7 Multi-scale spatial prediction models

You are reading the work-in-progress Spatial and spatiotemporal interpolation using Ensemble Machine Learning. This chapter is currently draft version, a peer-review publication is pending. You can find the polished first edition at https://opengeohub.github.io/spatial-prediction-eml/.

7.1 Rationale for multiscale models

In the previous examples we have shown how to fit spatial and spatiotemporal models to generate predictions using multiple covariate layers. In practice spatial layers used for predictive mapping could come and different spatial scales i.e. they could be represent different part of spatial variation. There are at least two scales of spatial variation (Tomislav Hengl et al., 2021):

  • Coarse scale e.g. representing effects of planetary climate;
  • Fine scale e.g. representing meso-relief and local conditions;

In fact, we can imagine that spatial variation can probably be decomposed into different scale components, as illustrated in plot below.

Decomposition of a signal of spatial variation into four components plus noise. Based on McBratney (1998).

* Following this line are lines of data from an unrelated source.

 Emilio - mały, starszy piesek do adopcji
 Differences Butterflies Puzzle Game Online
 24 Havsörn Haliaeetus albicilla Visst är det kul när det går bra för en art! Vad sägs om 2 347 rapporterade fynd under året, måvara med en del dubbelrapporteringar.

Figure 7.1: Decomposition of a signal of spatial variation into four components plus noise. Based on McBratney (1998).

The idea of modeling soil spatial variation at different scales can be traced back to the work of McBratney (1998). That also suggests that we could produce predictions models of different components of variation, then sum the components to produce ensemble prediction. The rationale for this, in the case of large datasets, is that we can (a) significantly reduce size of the data, (b) separate and better focus modeling based on the component of variation.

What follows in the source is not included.